OTOH, the interest the technology has drawn from that splashy initial PR campaign means enough people are working to develop it that that, if anything like it is viable, one or more commercially-viable variants will likely be ready for Musk's Mars colonies.

> On paper, it's better than the high-speed rail in every way. Cheaper, faster and with less pollution.

Its only "cheaper" because the proposal both made unrealistic assumptions about real estate costs and avoided much of the real estate costs by not terminating any place with useful transit access to the population centers at either terminus.

Unlike HSR, which not only terminates near the population centers, but includes as part of the same project improvements in the local connecting transit systems.

The proposed Hyperloop route was the high-tech version of a bridge-to-nowhere.

Its only "cheaper" because the proposal both made unrealistic assumptions about real estate costs and avoided much of the real estate costs by not terminating any place with useful transit access to the population centers at either terminus.

It's supposed to be an alternative to a short airplane flight, so the latter assumption isn't so bad.

> > Its only "cheaper" because the proposal both made unrealistic assumptions about real estate costs and avoided much of the real estate costs by not terminating any place with useful transit access to the population centers at either terminus.

> It's supposed to be an alternative to a short airplane flight, so the latter assumption isn't so bad.

It was pitched as an alternative to the actual HSR proposal, which both connects the population centers and includes connecting improvements on both ends to regional transit. So, yes, as an alternative to HSR, it was comically unserious.

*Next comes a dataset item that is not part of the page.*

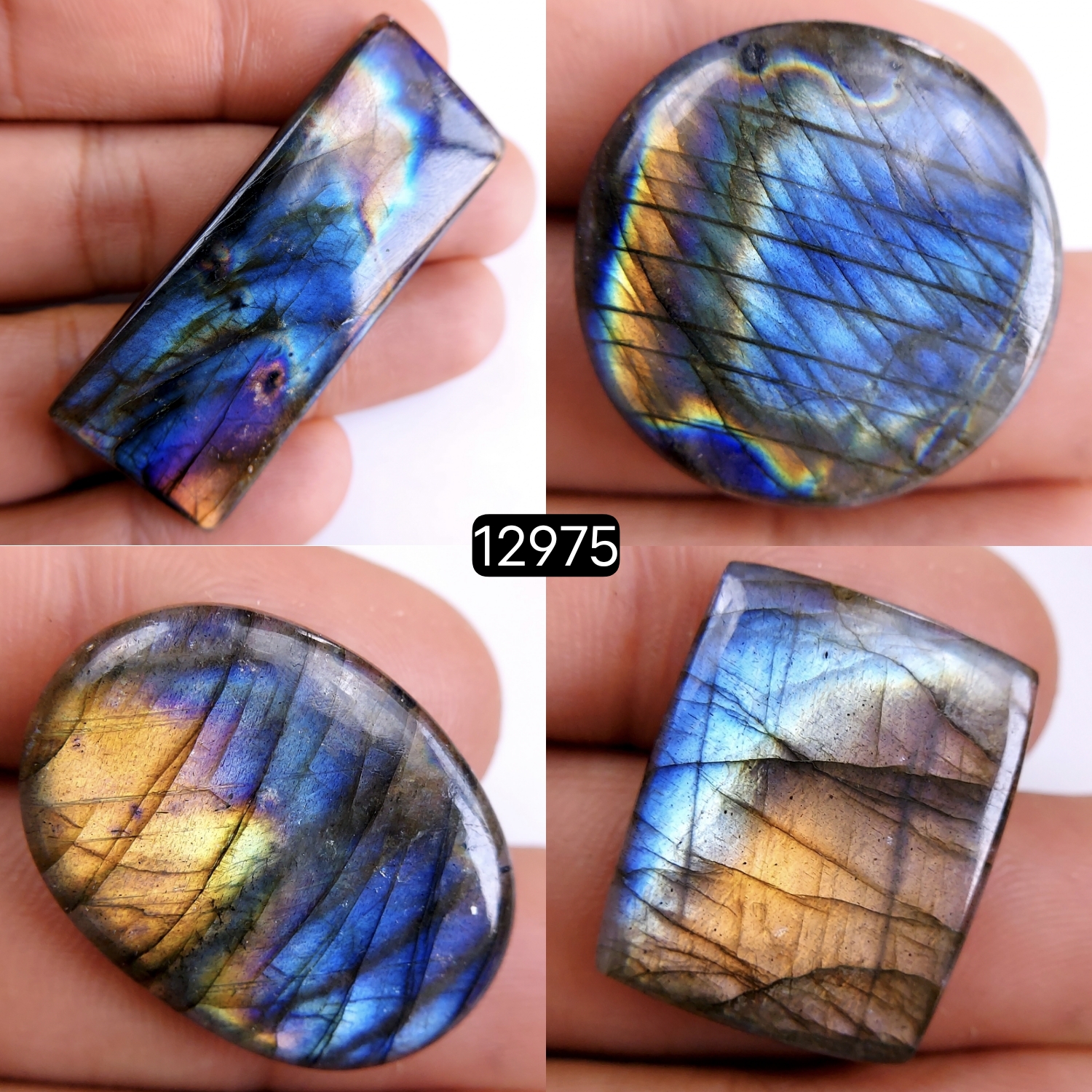 4Pcs 148Cts Natural Blue Labradorite Gemstone Cabochon Semi Precious Wholesale Lot Handmade Jewelry Making Supplies Pendant For Her 23x19-48x19mm12975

(Even as an alternative to air travel, its still comically unserious for the same reason -- while the major airports are farther from the population centers than the proposed HSR termini are, they are much closer than the termini for hyperloop that were proposed, and do have significant transit connections into the population center and the surrounding region, so terminating in place without either that proximity to where people would want to come from and go and without including the cost of transit improvements to make the termini useful in the cost of the proposal is ludicrous.)

What does "better" mean?

Outside of governmental regulations, the market is what determines progress and there isn't much push by consumers for environmental impacts. They just want cheap and reliable transit. Price also wins over speed (and it's been show things like wifi have a greater effect on travel comfort than speed).

Unless you cut down the travel time significantly, it just doesn't matter. And at those speeds there are more engineering, operational and logistical costs that increase the ticket price so the value is reduced further. I also don't see how the engineering for a pioneering vactrain concept will somehow be cheaper than existing understood infrastructure.

Unless you can charge $50 and get from LA to SF in 30 mins while building the entire thing for just a few billion, this won't work.

> the market is what determines progress and there isn't much push by consumers for environmental impacts.

That's only because externalities haven't been included in the pricing. What about the $14t that it will take to relocate people displaced by rising oceans? The repair costs from the increasingly-common severe weather events? There are real costs of climate change that aren't being accounted for and will have to be paid by future generations.

Sure, by future generations. Do you think we're suddenly going to start pricing in the externalities of the whole world for train tickets?

The market won't do this, it's human behavior.

I think the difference maker here could be Elon Musk. He has the force of will to make believers out of all of the obstacles (technological and political) in the way.